Coronavirus: Pubs hit hard by ‘police state’ policy
Australia risks becoming a police state if state borders are not reopened as a matter of urgency, SA’s biggest hotelier has warned.
Australia risks becoming a police state and hundreds more jobs and businesses will be lost if state borders are not reopened as a matter of urgency, South Australia’s biggest hotelier has warned.
Publican Peter Hurley — who owns a suite of hotels across suburban Adelaide and regional SA, five of which offer accommodation — said that of his 700 staff, 100 were not eligible for JobKeeper and were “desperate” for the economy to start up again.
A former schoolteacher, Mr Hurley got his start more than 40 years ago as a country publican and was a long-serving president of the SA branch of the AHA.
He recently ploughed millions of dollars into his Marion Hotel upgrade in Adelaide’s south, with a 62-room refit to service interstate health and retail travellers working at the nearby Flinders Medical Centre and Marion Shopping Centres, all of whom have vanished during the lockdown.
With the borders closed, occupancy rates have been smashed at his city hotels including his landmark 62-room Arkaba Hotel, as well as his regional hotels in the tuna capital of Port Lincoln and the Murray River township of Mannum, which have 111 rooms and seven rooms respectively.
“When are we going to reopen the borders? Based on what I’ve heard from the Premier, it sounds like we are going to have to wait until we get a vaccine,” Mr Hurley told The Australian. “My fear is that if the state of emergency provisions are extended at the end of the month, the border-control measures will remain and we are basically a police state.”
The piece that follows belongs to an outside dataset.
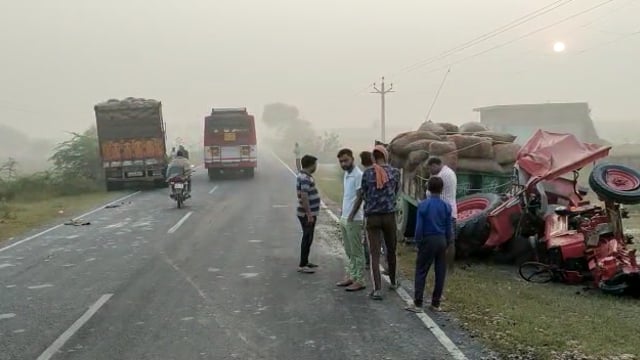 बेला बिधूना मार्ग पर तेज रफ्तार ट्रक ट्रैक्टर को मारी टक्कर 4 किसान घायल वही ट्रक की चपेट में आने से एक महिला की मौत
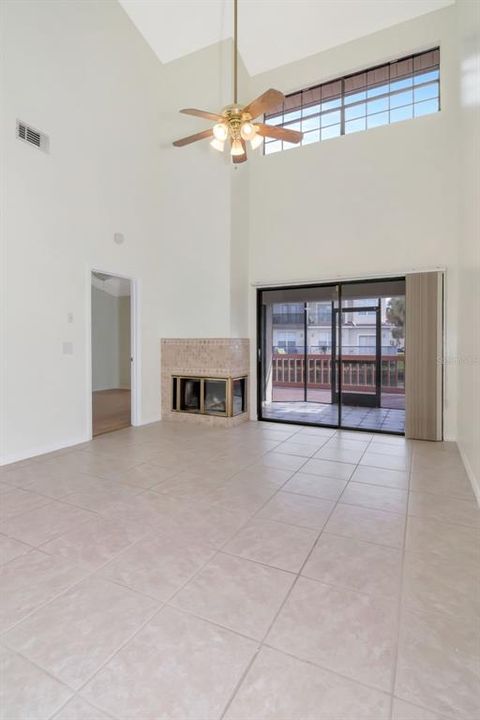 En Venta: $395,000 (3 camas, 2 baños, 1402 Pies cuadrados)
Mr Hurley said although he was “very supportive” of the job Premier Steven Marshall had done, part of the problem SA had was that all decisions were now being made by Mr Marshall’s transition team that “has no one from the private sector, no one who has to pay a week’s wage for their staff out of their own personal bank account”.
He said occupancy rates at his hotels currently stood at 20 per cent to the low 50 per cent rate, and the problem was being exacerbated by the fact pubs remained closed for service while cafes and restaurants were open.
“It’s such an irritation that for the people who are staying in our hotels, we can’t even serve them a cup of coffee on their own in dining lounges that are licensed for hundreds of people,” he said.
“The 100-odd staff who aren’t on JobKeeper are finding it really tough. When they come in to see me, they are desperate for things to start up again.”